Alexandria Real Estate Equities, a firm known for developing life-science and technology campuses, submitted the leading offer for the property and has negotiated a memorandum of understanding for development of the property, officials said.
The 2.86-acre Mercer Mega Block consists of three parcels partly left over from the city’s reconfiguration of Mercer Street and has for years sat vacant as the city looked for a buyer. The land is steps away from Amazon’s headquarters in one of the nation’s hottest neighborhoods.
The much anticipated sale would be the highest-value sale of city property within Seattle, the mayor’s office said.

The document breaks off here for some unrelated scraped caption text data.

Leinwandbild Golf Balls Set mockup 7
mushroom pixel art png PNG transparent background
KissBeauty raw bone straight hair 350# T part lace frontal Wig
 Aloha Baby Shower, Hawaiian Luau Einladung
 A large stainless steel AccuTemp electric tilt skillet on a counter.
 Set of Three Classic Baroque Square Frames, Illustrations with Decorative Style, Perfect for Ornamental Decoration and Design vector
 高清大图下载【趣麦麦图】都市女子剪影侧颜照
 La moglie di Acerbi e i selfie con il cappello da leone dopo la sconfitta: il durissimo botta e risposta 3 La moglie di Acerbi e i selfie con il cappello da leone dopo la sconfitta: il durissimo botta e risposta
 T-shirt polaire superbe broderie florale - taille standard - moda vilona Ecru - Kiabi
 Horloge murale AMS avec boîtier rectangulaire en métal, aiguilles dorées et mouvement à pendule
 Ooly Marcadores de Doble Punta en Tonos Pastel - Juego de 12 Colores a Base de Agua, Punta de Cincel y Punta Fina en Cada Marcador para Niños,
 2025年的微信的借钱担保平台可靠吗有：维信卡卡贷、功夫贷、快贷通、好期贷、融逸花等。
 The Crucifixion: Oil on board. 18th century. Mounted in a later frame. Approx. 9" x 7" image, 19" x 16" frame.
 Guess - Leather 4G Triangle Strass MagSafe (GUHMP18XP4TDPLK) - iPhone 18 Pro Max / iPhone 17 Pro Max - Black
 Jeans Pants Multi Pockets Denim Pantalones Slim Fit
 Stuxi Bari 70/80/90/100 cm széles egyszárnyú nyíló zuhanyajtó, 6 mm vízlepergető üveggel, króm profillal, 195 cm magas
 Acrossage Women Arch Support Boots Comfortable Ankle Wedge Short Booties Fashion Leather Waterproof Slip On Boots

Alexandria said it envisions the property becoming a mixed-use health-science campus. The site is also set to include a 30,000-square-foot public community center, protected bike lane extensions and 175 affordable-housing units, officials said.
Affordable housing in particular has been a flashpoint in debates over how the city will leverage the properties. Durkan said $5 million of the sale would go to homelessness programs.
Alexandria is looking at an additional 190 market-rate units, officials said. The Mega Block can accommodate more than 1,300 apartments or 1 million square feet of commercial space.
“This is one of the most consequential property deals the city of Seattle has ever done, certainly in my lifetime,” Durkan said at a press briefing last week.
The mayor’s office said it plans to use $78.2 million of the sale for housing purposes, such as acquiring property for affordable development and providing loans for the construction of accessory dwelling units, such as backyard cottages and mother-in-law apartments.
Meanwhile, the office said $25.9 million will go toward transportation projects and $29.1 million will help repay loans borrowed from different city departments for such projects as the Mercer Corridor and South Lake Union streetcar.
The Human Services Department will use the onetime contribution of $5 million to invest in homeless services, while the remaining $5.3 million in proceeds will cover transaction costs like escrow expenses and title reports, the city says.
Alexandria will also make a Mandatory Housing Affordability payment for the development.
Laura Loe, founder of activist group Share The Cities, said the city could have been more transparent during negotiations, but that the deal is still something for Seattle to be proud of.
“Overall, it’s a win,” Loe said. “It’s a win for Seattle and it’s a win in terms of acknowledging the complexity of our housing crisis … None of the money is enough, but designating that the pots of money should be spent [this] way … teaches people that all of these are ways to solve the housing crisis.”
Alexandria has historically focused on real-estate projects involving life science, health, technology and agriculture, including a series of projects around Eastlake. Tenants there include the Celgene Corporation, Gilead Sciences and the University of Washington, according to Alexandria’s website.
After a process that narrowed down seven initial proposals for the Mercer site, Alexandria made a best and final offer that “pretty much moved their (initial) price up about 40 percent,” said Steven Shain, with the city’s budget office. “We selected them and we entered into an exclusive negotiating agreement … in February.”
Per the city’s timeline, a vote by the City Council’s Sustainability and Transportation Committee is expected in early September and a full council vote is expected Sept. 16 before the mayor would potentially sign the legislation later that month.
If everything passes, the city expects the transaction could close next year and construction could begin later that year or in 2021.